──────── INFORMATION SHOWN

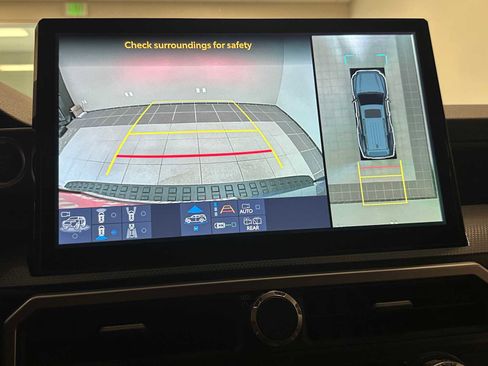 Used 2025 Toyota 4Runner Limited image 13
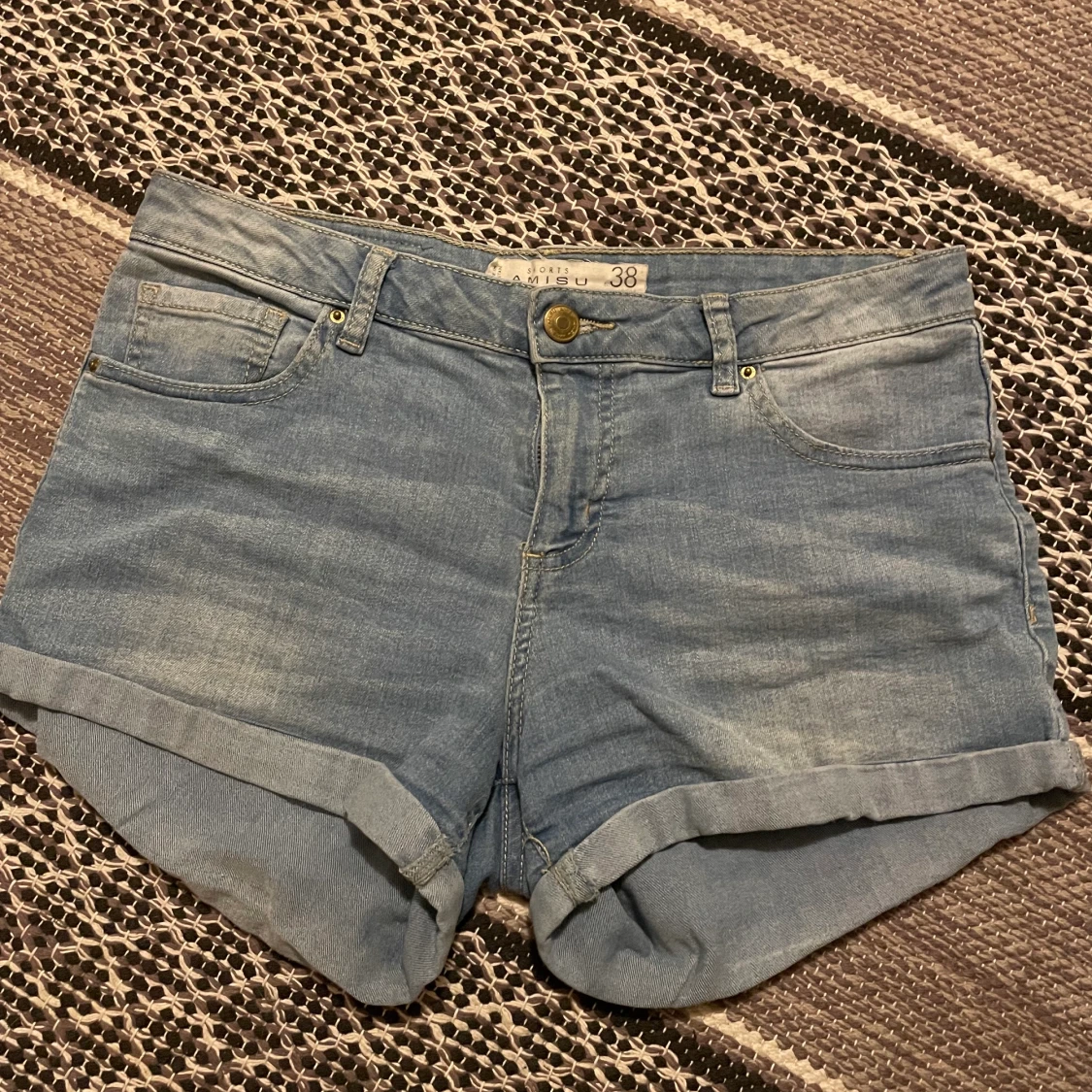 Normalmidjade kortbyxor från Amisu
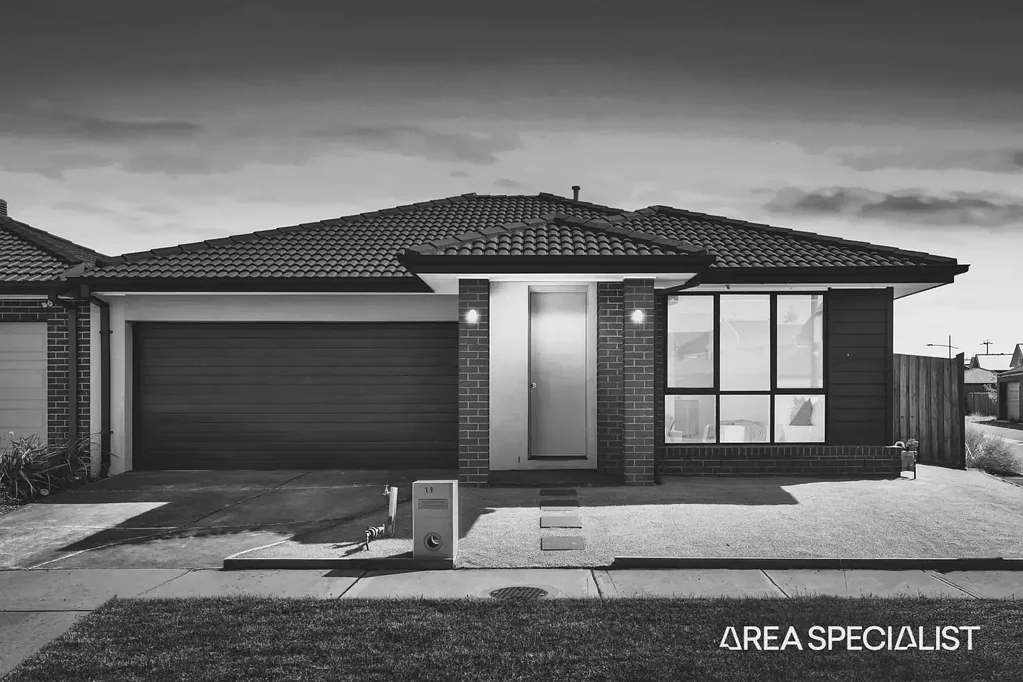 19 Neville Street, Thornhill Park, VIC 3335
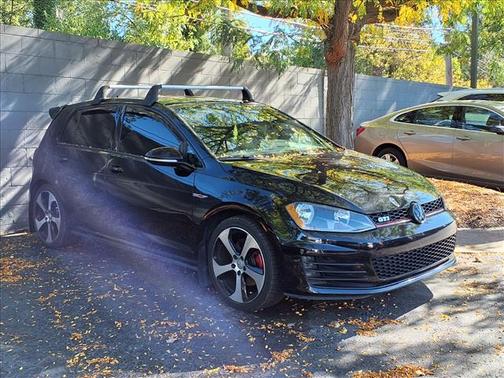 2017 Volkswagen Golf GTI 2.0T S 4-Door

────────────────

BRIEF –
Leave out the pictures, then reproduce exactly the run of lines from the one that contains "19 Neville Street, Thornhill Park, VIC 3335" to the final line of the listing above.

WRITTEN ANSWER –
 19 Neville Street, Thornhill Park, VIC 3335
 2017 Volkswagen Golf GTI 2.0T S 4-Door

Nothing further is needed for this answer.